-- PROVIDED DATA follows --
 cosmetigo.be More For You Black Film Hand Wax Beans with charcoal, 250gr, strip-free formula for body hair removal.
-- PROVIDED DATA concluded --
-- PROVIDED DATA follows --
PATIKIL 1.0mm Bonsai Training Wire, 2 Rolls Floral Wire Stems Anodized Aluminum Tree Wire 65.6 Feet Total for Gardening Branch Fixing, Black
-- PROVIDED DATA concluded --
-- PROVIDED DATA follows --
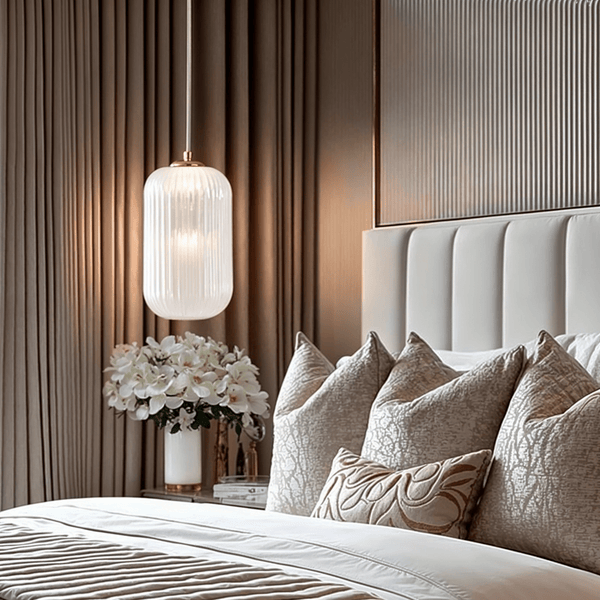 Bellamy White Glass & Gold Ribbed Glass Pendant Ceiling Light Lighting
-- PROVIDED DATA concluded --
EXERCISE DESCRIPTION: Show every line from the entries above in which "Black" appears.

SOLVED PROBLEM:
 cosmetigo.be More For You Black Film Hand Wax Beans with charcoal, 250gr, strip-free formula for body hair removal.
PATIKIL 1.0mm Bonsai Training Wire, 2 Rolls Floral Wire Stems Anodized Aluminum Tree Wire 65.6 Feet Total for Gardening Branch Fixing, Black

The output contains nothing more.